Thank you so much for all the replies thus far! I appreciate all the help I can get really, but here's additional information about my LC-MS/MS method.
@AndyAlpert and @TylerSmith123 If I am missing any information please let me know! This is my first time posting on this forum haha.
@TylerSmith123 My apologies if I may be using confusing terminology. To be clear (hopefully!), I meant that my [M+H]+ ion is m/z 247, while my product ions (after fragmentation) are m/z 58, 160, 89, 77, 63, 115. I am not performing any derivitization during my sample prep. I share a similar hypothesis as you do, in that I was thinking whenever I spiked my drug in plasma, there might be some interference in the plasma that may be reacting with the analyte. But if this was so, I am unsure as to how I can overcome this issue.
Andy Alpert wrote:
You've provided no details about your chromatography, so I'm free to speculate about a scenario. The dimethylamine- group in acetylpsilocin's side chain is in fact ionizable. That means that it's going to have a counterion at any pH low enough for silica not to dissolve. Coming straight from plasma, it's reasonable to assume that the counterion for the amine is Cl-. Your precipitation step will get rid of much/most of the NaCl from plasma. Now, if you proceed to run the analysis on a reversed phase column with TFA in the mobile phase, then the amine group's counterion will be trifluoroacetate. That's more hydrophobic than chloride ion, and would account for the increase in retention time for the resulting ion pair. You can assess this by using a chloride salt in the mobile phase instead of TFA.

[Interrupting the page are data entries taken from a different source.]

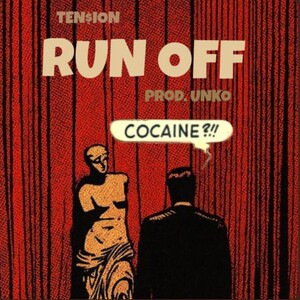 Run Off Prod. Unko (Koa)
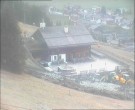 Archiv Foto Webcam Lech: Rud-Alpe am Arlberg 07:00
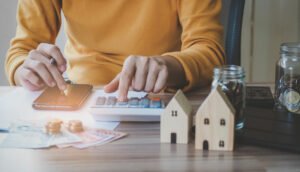 ΑΑΔΕ: Το καθεστώς φορολόγησης στις πολύπλοκες μεταβιβάσεις ακινήτων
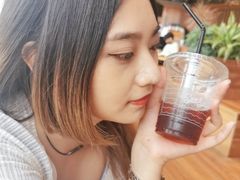 -Seesaw Coffee(朝阳大悦城店)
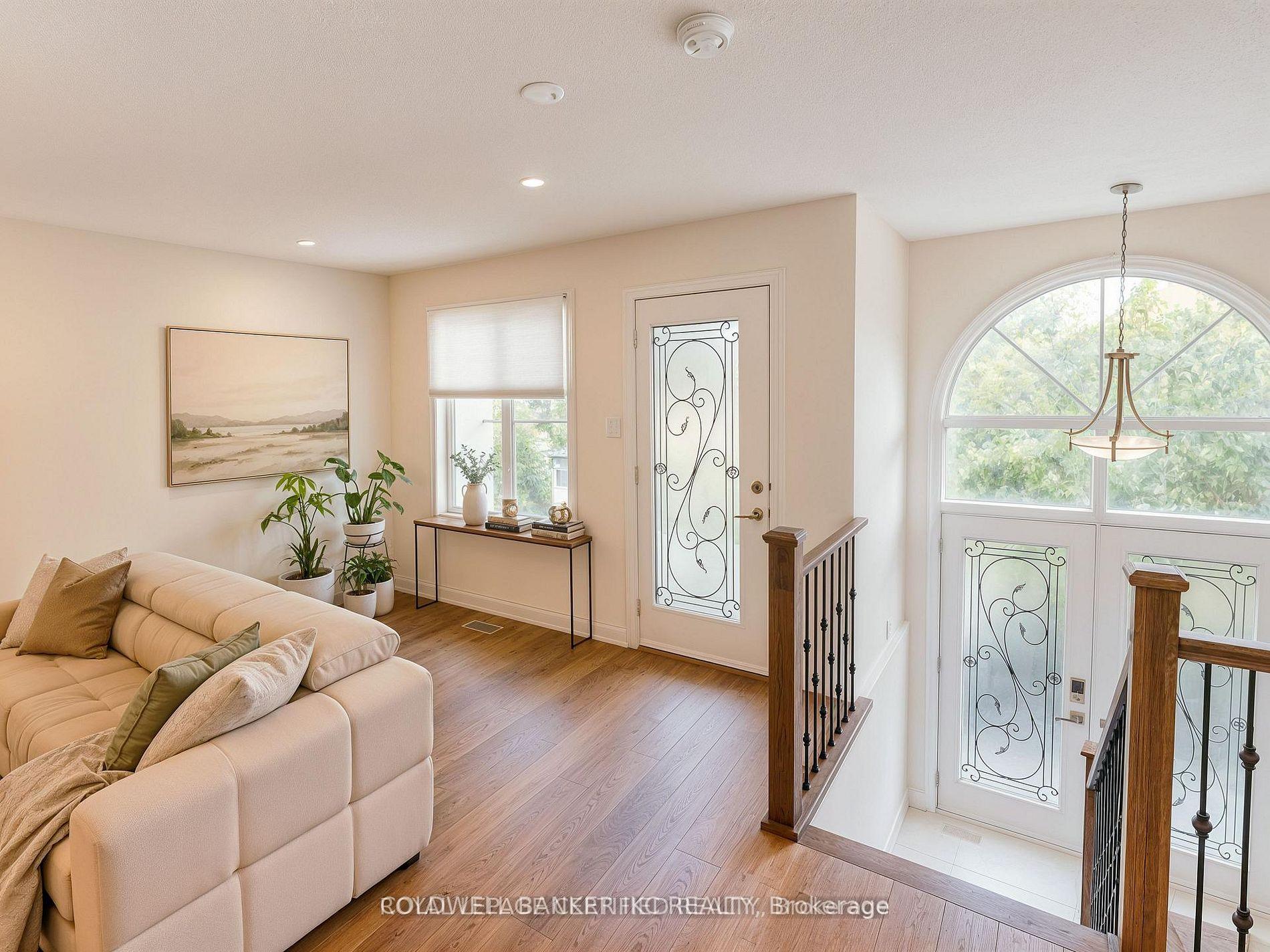 Photo 10 of 3891 Freeman Terrace, Mississauga, Churchill Meadows — HOMEH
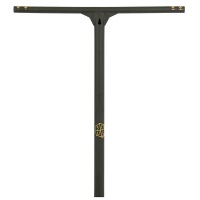 Blunt - Envy Soul Oversized Bar in Black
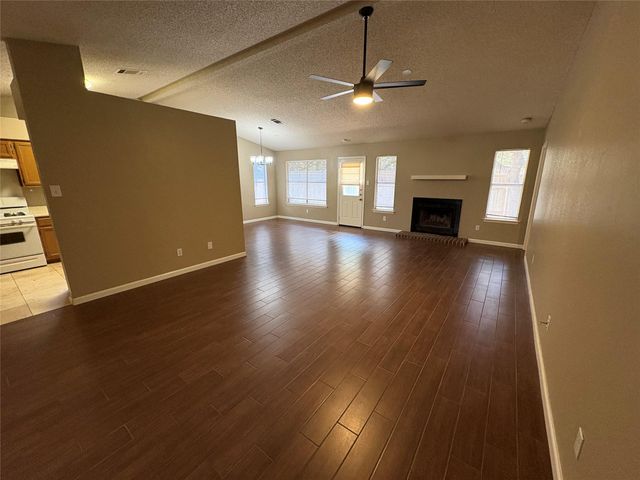 2902 Sabinal TRL, Cedar Park, TX 78613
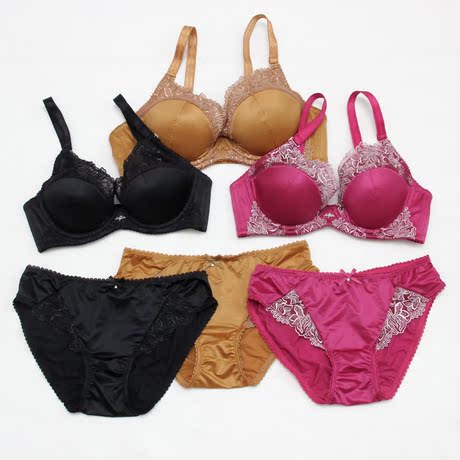 爱逛街为您找到奢华性感内衣相关的宝贝,您可以在下面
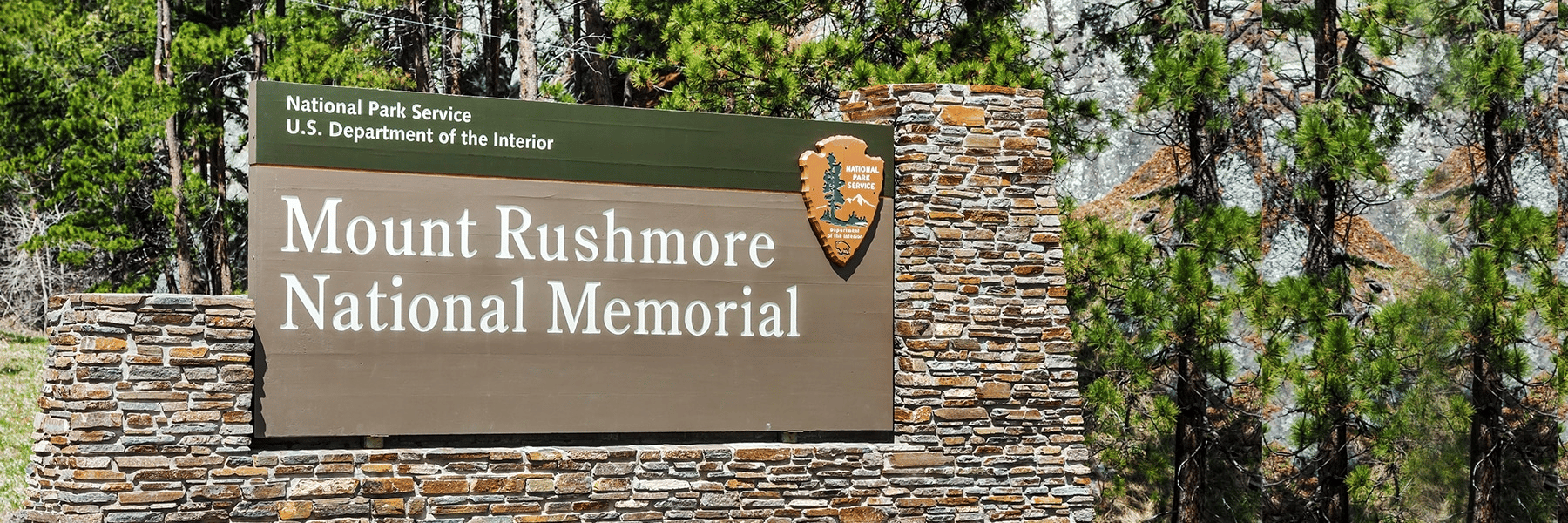 Dallas Signs and Graphics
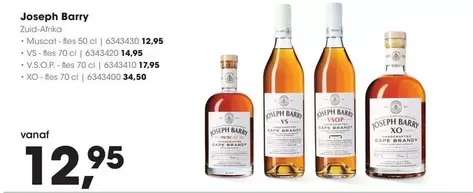 Schotse whisky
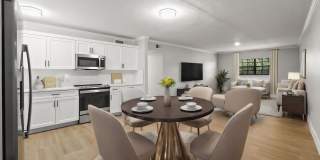 324 Southwind Drive Gallery 1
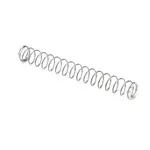 AllPoints Foodservice Parts & Supplies 2171160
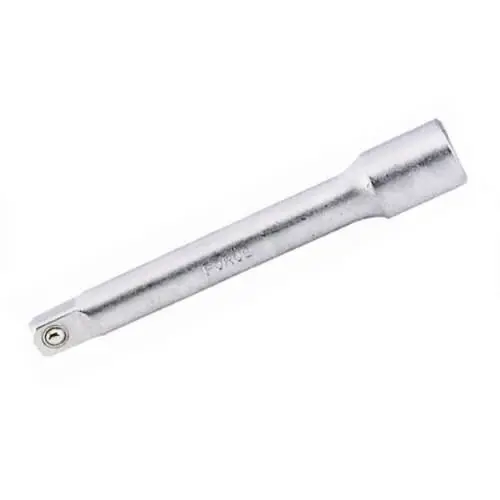 Προεκτάσεις 1/4" Force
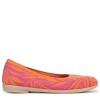 LifeStride Women's Kit Ballet Flat - 3 of 4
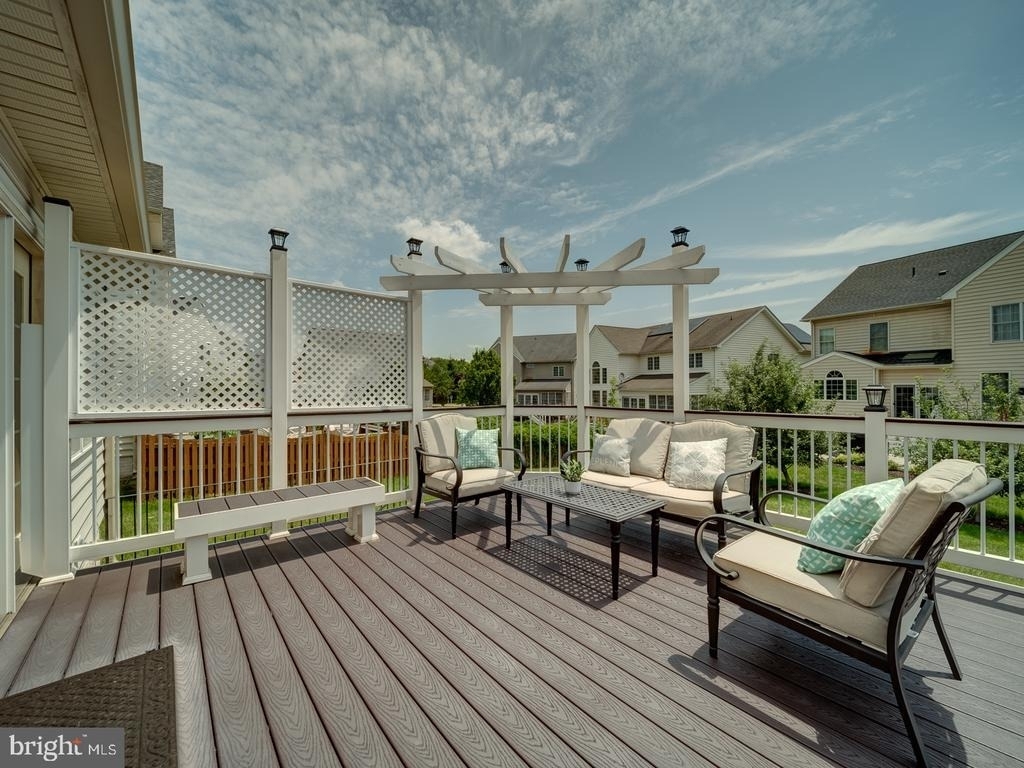 43320 Barnstead Drive - Photo 92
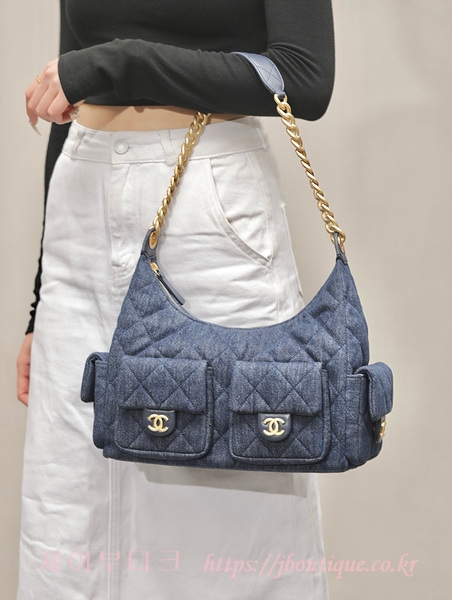 7d5b76c0a42a0185907ea4d2dd9da45a_1734729851_0004.jpg 7d5b76c0a42a0185907ea4d2dd9da45a_1734729851_0004.jpg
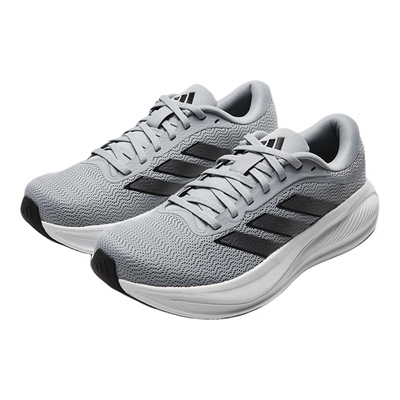 Adidas/阿迪达斯正品RESPONSERUNNER2织物鞋舒适经典跑步鞋KJ1734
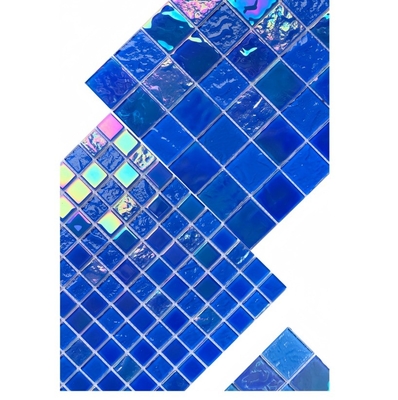 name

If this speculation is off-base, then kindly provide some details about your chromatographic conditions.
TylerSmith123 wrote:
Hi there,
I may be a little confused by some of the wording but when you say transition, this is just another way of saying the fragmentation patterns for your molecule? As in your base peak is the 247 while the fragments (from the MS) are to the right?
If that's the case, and all of the fragments are different post plasma derivatization, could it be the case that your derivatization or plasma is causing a chemical change of the molecule? This would result in some completely new fragments and potentially some identical ones.
I just looked up the structure and it has quite a few functional groups for such a small molecule, and it looks like it can also be protonated/deprotonated. What does your mobile phase look like? Additionally, what is the solvent used for injection of the extracts vs the standards? Could it be as simple as a proton? haha
Have you used your neat samples in a spiked plasma test? I suppose I'm not sure if these are coming from actual tissues or are just always spiked into the solution.
Anyway, get us some more information and hopefully we'll get to the bottom of this issue!